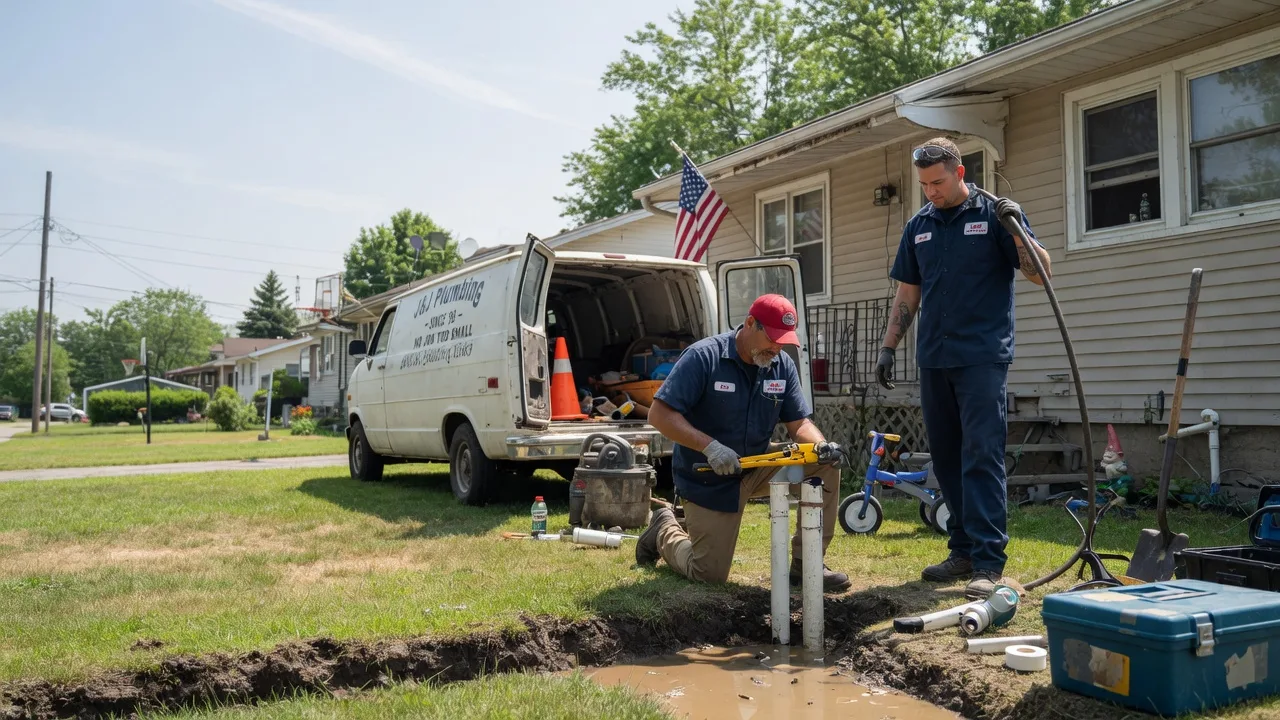 Sump Pump Repair in Copan, OK near me
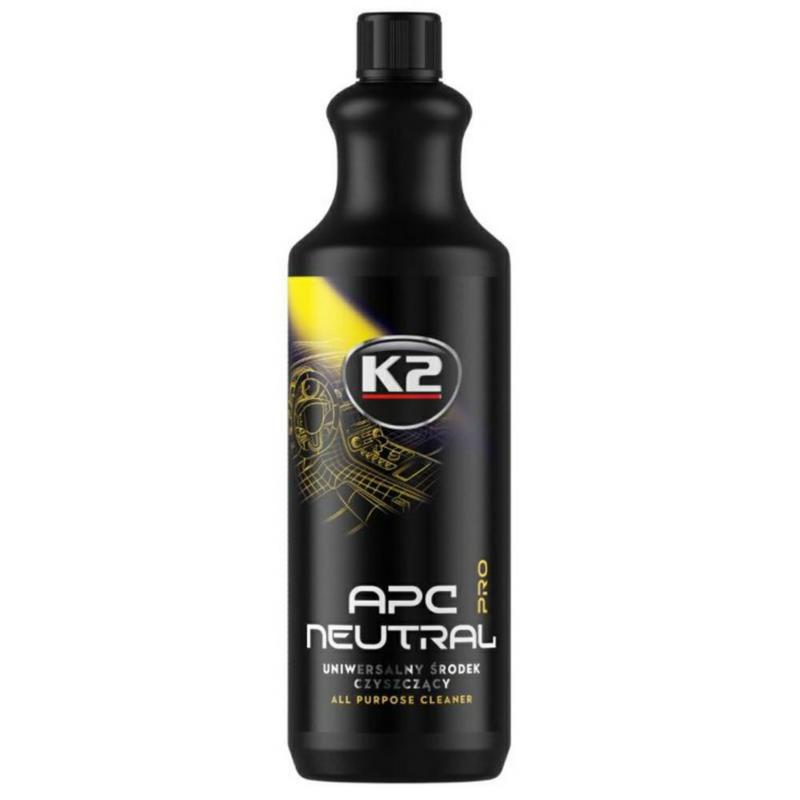 K2 Pro APC Neutral 1L - uiwersalny środek czyszczący | Sklep online Galonoleje.pl
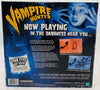 Vampire Hunter Game - 2002 - Milton Bradley - Great Condition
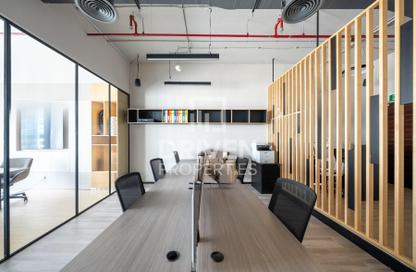 Office Space - Studio for rent in The Prime Tower - Business Bay - Dubai
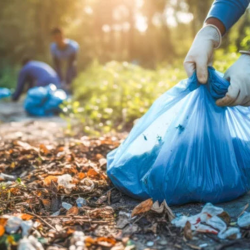 Environmentally Conscious Disposal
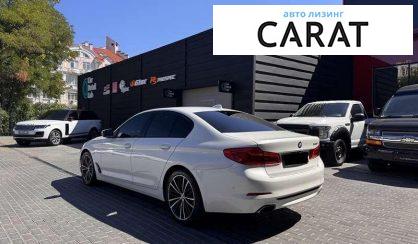 BMW 5 Series 2018
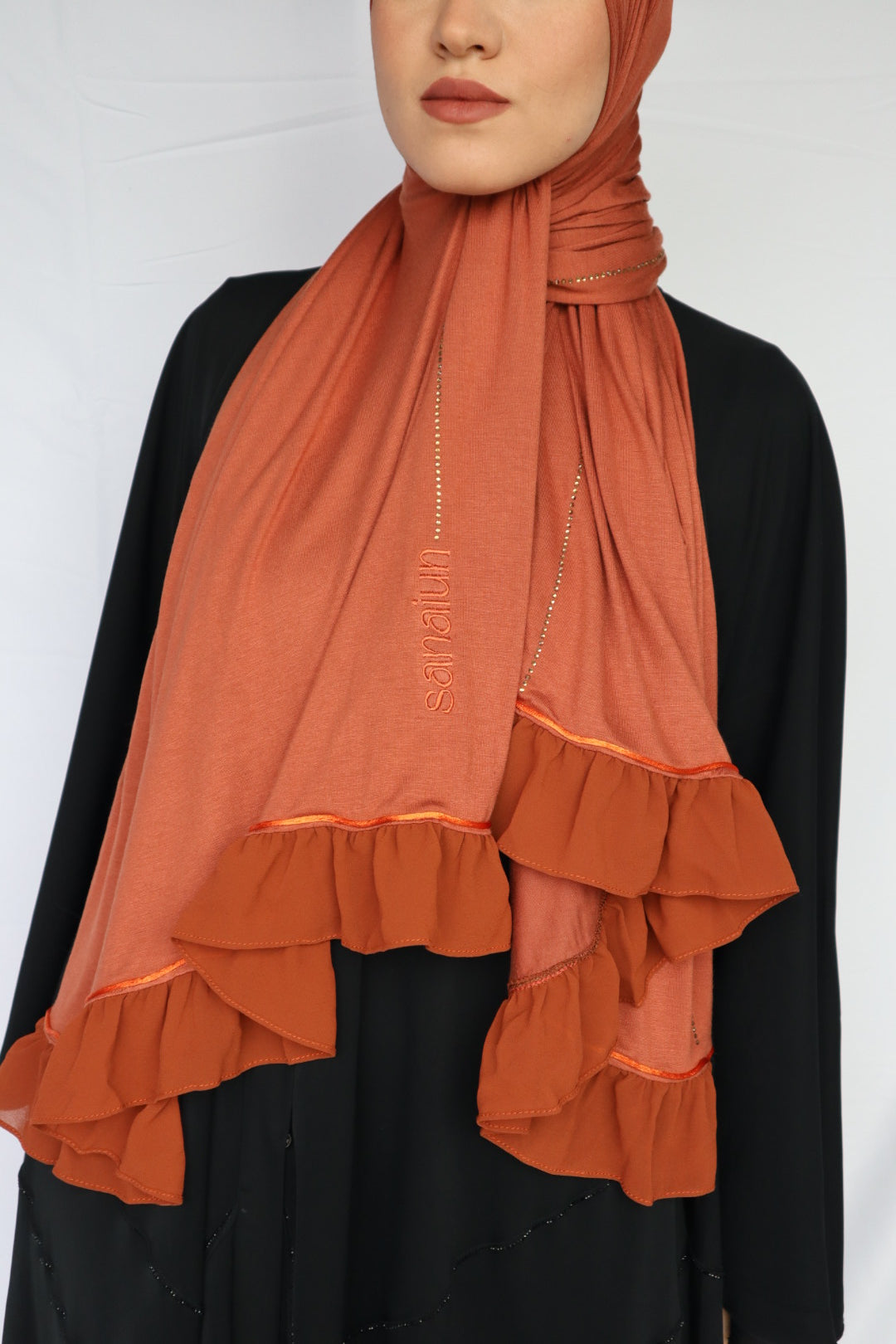 FROUFROU STRASS TERRACOTTA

§ Requirement
With the pictures left aside, set down each entry above exactly as it stands.

§ Finished exercise
 Sump Pump Repair in Copan, OK near me
 K2 Pro APC Neutral 1L - uiwersalny środek czyszczący | Sklep online Galonoleje.pl
 Vampire Hunter Game - 2002 - Milton Bradley - Great Condition
 Office Space - Studio for rent in The Prime Tower - Business Bay - Dubai
 Environmentally Conscious Disposal
 BMW 5 Series 2018
 FROUFROU STRASS TERRACOTTA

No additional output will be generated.